# Work required:
When you reach the line containing "Snow park Paprsek" in the entries below, start writing out each line exactly, and stop after the line containing "Brincos de gota".

=== Given entries ===

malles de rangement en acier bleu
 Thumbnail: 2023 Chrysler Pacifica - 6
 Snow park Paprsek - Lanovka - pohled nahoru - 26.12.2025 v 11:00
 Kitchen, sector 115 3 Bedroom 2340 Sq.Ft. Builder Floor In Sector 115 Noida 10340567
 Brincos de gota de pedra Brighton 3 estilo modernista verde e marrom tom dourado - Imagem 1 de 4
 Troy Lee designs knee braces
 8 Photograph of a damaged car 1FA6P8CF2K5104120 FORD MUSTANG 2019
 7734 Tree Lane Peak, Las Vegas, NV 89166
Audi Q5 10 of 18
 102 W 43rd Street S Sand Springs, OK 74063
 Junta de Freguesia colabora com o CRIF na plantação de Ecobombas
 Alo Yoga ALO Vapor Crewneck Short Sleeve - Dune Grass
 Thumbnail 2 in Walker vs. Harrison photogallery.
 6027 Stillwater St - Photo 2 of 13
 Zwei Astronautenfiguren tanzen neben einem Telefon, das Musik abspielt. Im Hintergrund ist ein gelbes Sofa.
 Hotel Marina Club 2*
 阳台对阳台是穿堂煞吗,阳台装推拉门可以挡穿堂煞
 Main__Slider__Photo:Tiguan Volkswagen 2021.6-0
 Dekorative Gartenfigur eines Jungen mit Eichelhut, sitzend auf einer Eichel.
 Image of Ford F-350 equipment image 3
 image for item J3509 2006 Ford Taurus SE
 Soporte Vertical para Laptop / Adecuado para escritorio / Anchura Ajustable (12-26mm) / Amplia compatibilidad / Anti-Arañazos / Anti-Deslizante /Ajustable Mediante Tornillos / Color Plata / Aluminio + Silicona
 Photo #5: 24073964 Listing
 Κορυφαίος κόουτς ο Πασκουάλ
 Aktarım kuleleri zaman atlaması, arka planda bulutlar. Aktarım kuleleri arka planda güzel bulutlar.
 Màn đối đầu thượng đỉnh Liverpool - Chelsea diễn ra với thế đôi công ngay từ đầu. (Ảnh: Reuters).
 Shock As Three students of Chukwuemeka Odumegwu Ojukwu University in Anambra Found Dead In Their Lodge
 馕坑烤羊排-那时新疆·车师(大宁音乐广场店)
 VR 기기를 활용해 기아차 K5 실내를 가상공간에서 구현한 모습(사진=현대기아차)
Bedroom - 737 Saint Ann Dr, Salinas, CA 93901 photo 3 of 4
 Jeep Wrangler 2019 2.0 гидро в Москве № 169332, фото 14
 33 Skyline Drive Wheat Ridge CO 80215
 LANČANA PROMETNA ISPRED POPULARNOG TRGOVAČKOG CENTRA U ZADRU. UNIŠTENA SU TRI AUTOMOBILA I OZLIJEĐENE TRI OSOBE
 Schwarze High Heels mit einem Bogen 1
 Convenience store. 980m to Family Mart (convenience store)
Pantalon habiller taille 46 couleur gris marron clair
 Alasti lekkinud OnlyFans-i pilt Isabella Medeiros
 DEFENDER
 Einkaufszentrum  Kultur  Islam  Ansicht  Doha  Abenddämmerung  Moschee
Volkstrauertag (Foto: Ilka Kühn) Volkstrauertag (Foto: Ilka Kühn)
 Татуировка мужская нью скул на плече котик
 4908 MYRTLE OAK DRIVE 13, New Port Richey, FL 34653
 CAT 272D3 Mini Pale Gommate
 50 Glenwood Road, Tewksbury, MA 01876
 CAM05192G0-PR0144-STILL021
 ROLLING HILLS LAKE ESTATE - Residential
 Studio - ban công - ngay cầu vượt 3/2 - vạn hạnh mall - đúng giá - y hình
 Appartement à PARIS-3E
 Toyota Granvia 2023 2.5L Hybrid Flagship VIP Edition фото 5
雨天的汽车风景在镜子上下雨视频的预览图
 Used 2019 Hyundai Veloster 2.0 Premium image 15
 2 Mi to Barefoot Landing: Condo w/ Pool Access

===

# Answer to this task:
 Snow park Paprsek - Lanovka - pohled nahoru - 26.12.2025 v 11:00
 Kitchen, sector 115 3 Bedroom 2340 Sq.Ft. Builder Floor In Sector 115 Noida 10340567
 Brincos de gota de pedra Brighton 3 estilo modernista verde e marrom tom dourado - Imagem 1 de 4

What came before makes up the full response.